- REQUIREMENT
From the line that contains "PPT - Epistaxis" through the last line of the data, copy everything exactly and nothing else, omitting the pictures.

- DATA PROVIDED
● ● ● ● ●

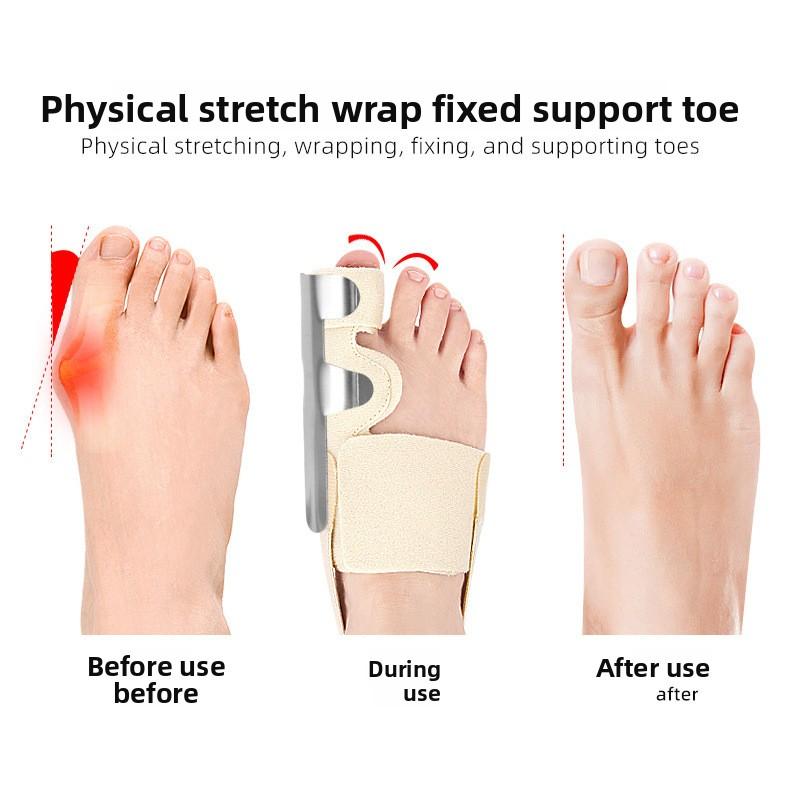 Thumb Valgus Toe Strap Splint Bracket Toe Big Foot Protrusion Protective Cover Toe Protector Toe Splitter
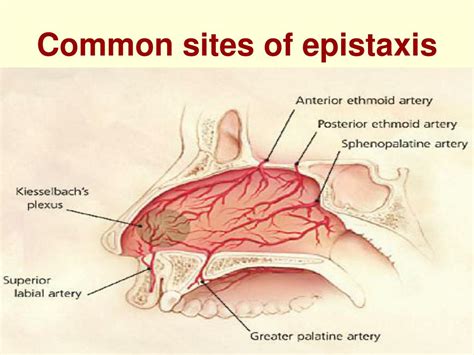 PPT - Epistaxis PowerPoint Presentation, free download - ID:1364903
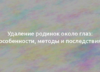 Удаление родинок около глаз: особенности, методы и последствия 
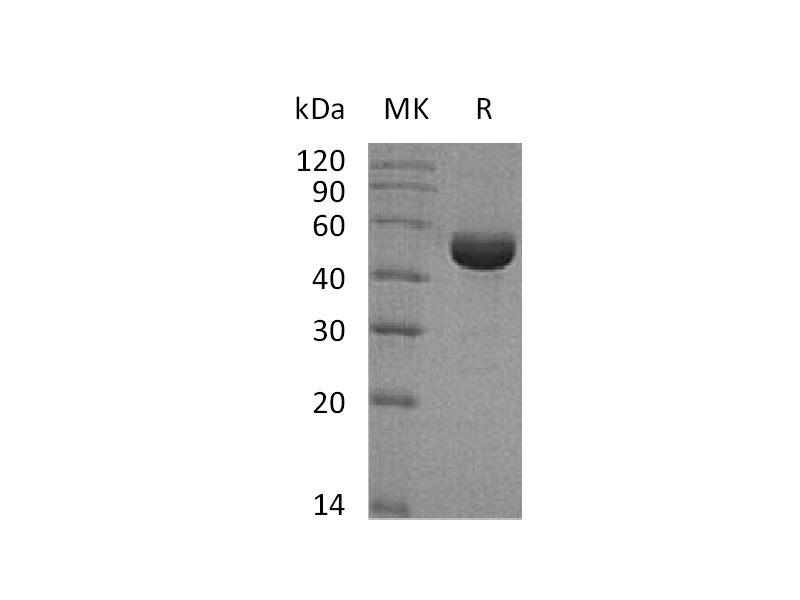 Recombinant Human SHMT1 (C-6His)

● ● ● ● ●

- FINISHED EXERCISE
 PPT - Epistaxis PowerPoint Presentation, free download - ID:1364903
 Удаление родинок около глаз: особенности, методы и последствия 
 Recombinant Human SHMT1 (C-6His)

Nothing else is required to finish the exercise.